She had never been any good at lying and if the rest of her appearance had not already given her up, rest assured her eyes certainly would have. The remnants of every crack spliff that had rested between her lips and every advantage taking man that had laid between her thighs in exchange for a rock were in those eyes. Her gaze tired and troubled, lonely and unbearably transparent; offering up her truth every time.

I’d met this girl close to thirteen years ago at a house party in the middle of an estate I pass often these days on my way to work. The first time our paths crossed I hated her; she was loud, mouthy, ignorant and overly eager to prove how tough she was. I was a couple of years older than her, with a bit of a “bad girl” reputation amongst my peers and back then, that had been good enough reason for her to arm herself with a knife and attempt to fight me.

I think back to this day often when I read newspaper articles about young boys falling victim to knife crime. An epidemic many can’t understand though it is happening right on our doorsteps and playing out in our newspapers and TV screens week after week and has been for years.

Young people perishing day by day on the streets on London, often because of some minor disagreement, post code wars or tension borne out of a desperation for approval and respect. I am reminded of myself and this girl, at the time a bad mix of egos to have in one room, though I was never a trouble maker. My biggest problem was; I was never one to walk away when trouble came knocking; even if it was holding a knife in its hand.

I remember my adrenaline pumping as I walked across the room ready to fight. Now I look back, it was completely foolish of me to even think I had any chance against someone holding a knife but ego and youth is a dangerous combination. In my mind my life was stretched out before me and death was never an option, not for a teenager anyway – death was an old people’s affliction. In my adolescent mind, this was just another day and another fight and my only worry was; I had to win it.

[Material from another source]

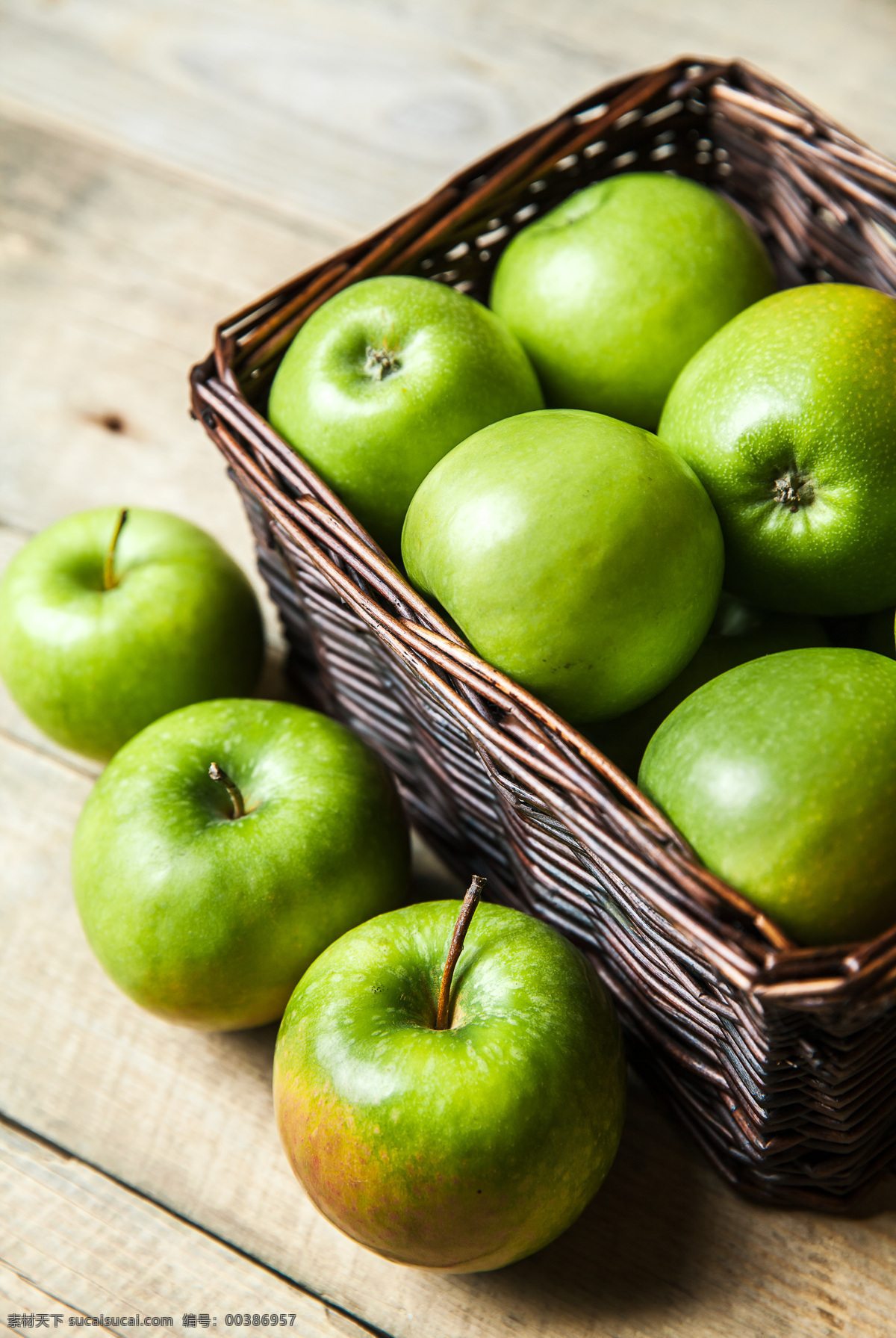 苹果 水果 青苹果 苹果树 超市水果 国光苹果 生物世界 黑色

Fortunately, the fight never came to nothing as someone started screaming that the police were outside which quickly dispersed the crowd. Anxious to get out of the block and away from area before we were arrested, my friends and I wasted no time following suit, leaving the altercation for another day.

The next time we would meet would be a few days later outside a children’s home on the edge of the Peckham/New Cross border. I’d left my own children’s home on the opposite side of Peckham in the middle of the night to meet up with a couple of friends to go out joyriding when who should turn up but this girl who previously had tried to stab me for clout. Our mutual friend who sadly passed away some years ago after falling suspiciously from a tower block whilst being pursued by the police encouraged us to squash our “beef” and from that day onwards we became firm friends.

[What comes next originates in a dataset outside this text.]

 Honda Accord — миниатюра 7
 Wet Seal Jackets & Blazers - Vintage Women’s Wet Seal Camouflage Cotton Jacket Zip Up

Fast forward thirteen years later and here we were standing in the carpark of a supermarket, her pretending that she was doing fine and me standing there thinking how the hell did life turn out like this? Whilst I rushed out of the office to buy some milk to feed my coffee fix, she rushed through Peckham for hers. Both clinging on to bitter addictions, only mine merely tasted bitter, hers had poisoned her life from inside out.

This young woman is twenty-five. She has been working the streets and taking class a drugs since she was sixteen. She has had three children, two of whom have been adopted and one of which is in foster care. And do you know what breaks my heart the most? Her story is by no means rare; nearly every single girl I grew up in care with ended up on the same or similar paths.

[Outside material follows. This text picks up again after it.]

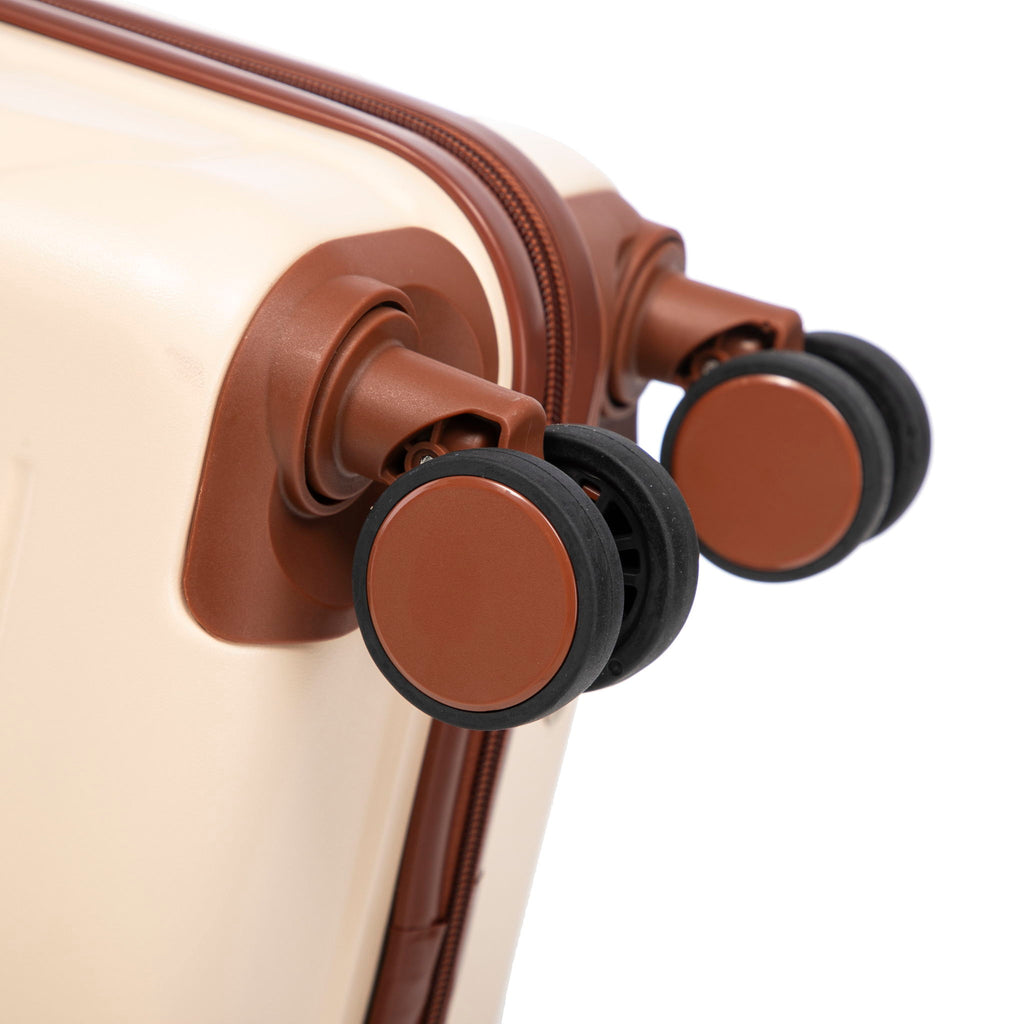Hard Shell Travel Luggage With Scratch Resistant Surface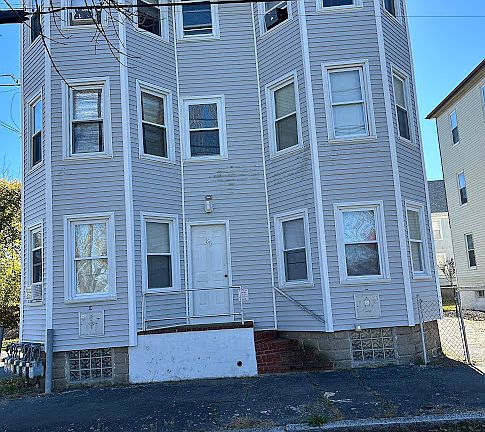 5th image of 86 Mott St #3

Most of them bar one became teenage mothers, myself included. Grown before our time, not just because we had babies in our youth but simply since we were exposed to most things far too early. We became adults prematurely; with no guidance or discipline we were running around London doing everything we shouldn’t have been before we were even thirteen years of age. Smoking cannabis, drinking alcohol, raving with people twice our age, staying out all night, hanging around with the wrong crowd, running away, not attending school – you name it, we done it. We had freedom long before we were mature enough to know what to do with it and there was no escaping from the cycle. Everyone in care seemed to know one another. I guess, no one fits like the people whose scars run as deep as your own.

I had friends at school, friends from my childhood, and friends from the local area but they didn’t understand me and my pain like my care family did and I was always aware of the divide. I wasn’t like my peers; I didn’t wear the latest trainers or have much more than the school uniform on my back. I didn’t go home to my parents after school or even to my family and I lacked the solid foundations that my friends had, or at least appeared to have back then. I was not allowed to have sleepovers or spend time with my friends outside of school, and I never invited them back to where I lived either. I was different and I felt it.

It sounds so trivial and meaningless now but when you’re a teenager your only concern in life is to fit in. Being socially accepted despite being so underprivileged compared to my peers was my primary focus and I worked hard to achieve it, it was more important than meeting with social workers, doing my work or going to school at all. I’d been thrown out of four secondary schools by the age of fifteen as a result of truancy or fighting and I could care less about the teachers and making grades or building a relationship with my foster families and then once I moved back into children’s home the support staff there.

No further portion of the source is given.